Em O Barão Trepador, de Italo Calvino, um jovem aristocrata trepa a uma árvore e recusa descer novamente à realidade. Rui Tavares, trepador de outras árvores de não inferior baronia, escreveu este artigo no Público, em que explica que a Europa não consegue sair da crise por culpa desta estúpida cultura de divisão, que vira os povos contra a Merkel, o Schaeuble e os seus banqueiros.
Para Rui Tavares «O que nos está a impedir é a percepção de quem é “preguiçoso” e quem é “autoritário”, quem viveu “acima das suas possibilidades” e quem viveu “à custa da miséria dos outros”». Segundo o líder do LIVRE, os que defendem este tipo de «preconceitos», têm uma cultura de «torcida de futebol». Tanto uns como outros: os banqueiros que acham que os portugueses vivem acima das suas possibilidades e os trabalhadores que acham que os banqueiros vivem da sua miséria. Como na história do Visconde Cortado ao Meio (que Rui Tavares também conta no seu livro A Ironia do Projecto Europeu, que pode ser comprado na Bertrand por apenas 14,31€), o problema da Europa não são os irreconciliáveis interesses das suas classes, até porque o que move a luta entre exploradores e explorados não é «o interesse próprio», mas apenas «a mundividência e as diferenças de identidade». Por exemplo, quando o teu patrão te despede porque pode contratar um estagiário à borla ou quando os banqueiros insistem em receber 21 milhões de euros por dia pelos juros da dívida portuguesa, é porque não nos estamos a compreender uns aos outros. Para Rui Tavares, é por isso que os pobres são cada vez mais pobres e os ricos cada vez mais ricos: não pelos interesses materiais de cada um, mas simplesmente pela «satisfação psicológica de quem vê os seus preconceitos confirmados».

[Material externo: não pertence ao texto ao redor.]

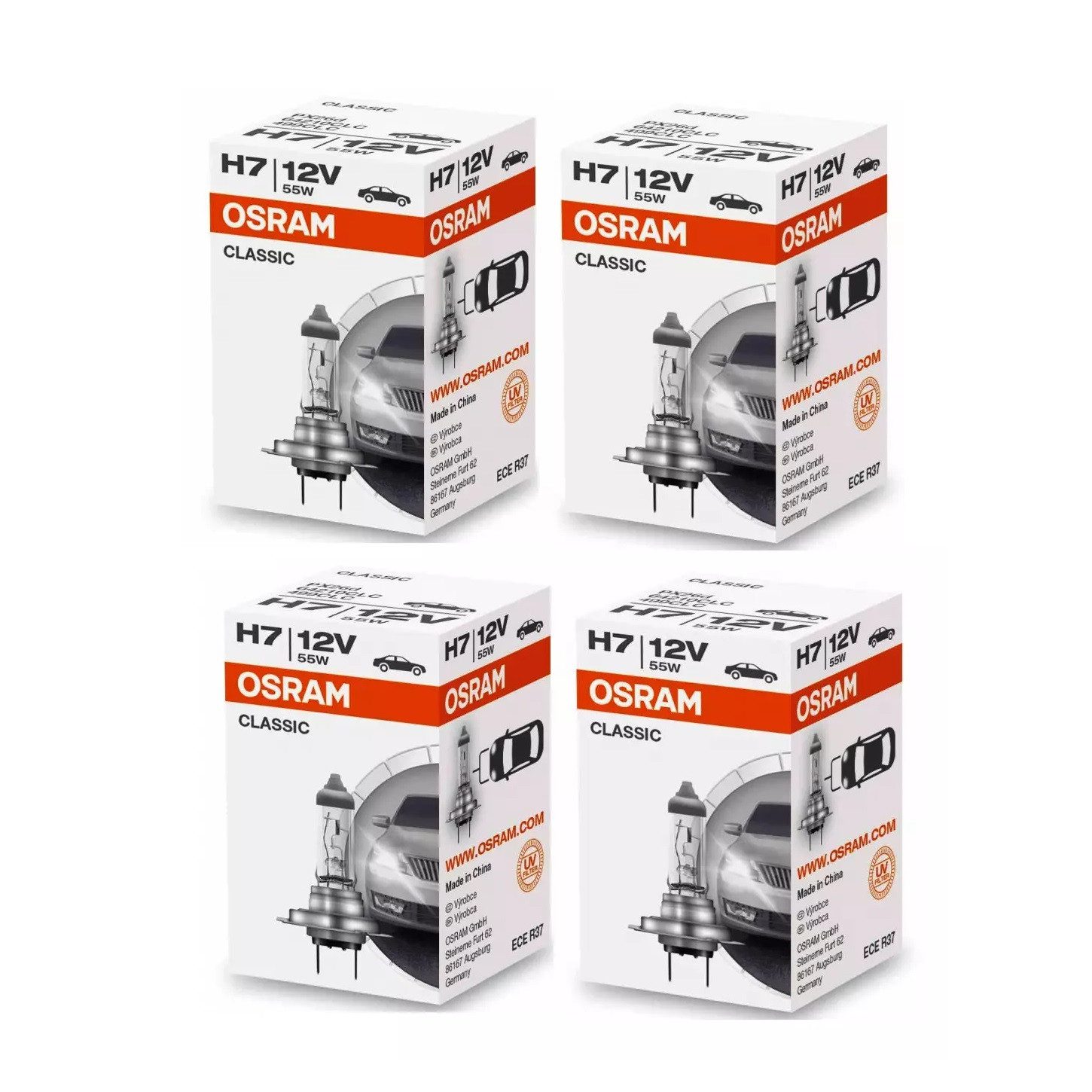 Osram KFZ-Ersatzleuchte OSRAM CLASSIC H7 PX26d 12 V 55 W (1er Faltschachtel), H7, 4 St., Warmweiß, Standard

A tese de Tavares, epítome exarado em aspas, pode até parecer bizantina e esdrúxula, mas somente a quem não conheça o personagem que a deu à estampa: o barão trepador português. O «anarquista» que dizia que a esquerda não existe trepou primeiro à árvore com a ajuda do Bloco de Esquerda a troco de uns quantos milhares de votos. E prometeu que nunca mais descia. Mesmo que para isso tivesse que integrar um grupo de direita, que apoia as intervenções militares da NATO, o Tratado de Lisboa, a Estratégia UE 2020, o aprofundamento do Mercado Único e o anti-comunismo. Mais tarde, continuou a trepar por outras árvores, saltando da «independência» para a «cidadania», para o seu próprio partido uni-pessoal até ao ramos mais altos, no regaço do PS. Mas agora, com este artigo, Rui Tavares traz-nos algo de novo: a sugestão encapotada da cultura corporativista à moda de Mussolini; a negação da luta de classes e a invenção de uma «identidade comum para toda a Europa».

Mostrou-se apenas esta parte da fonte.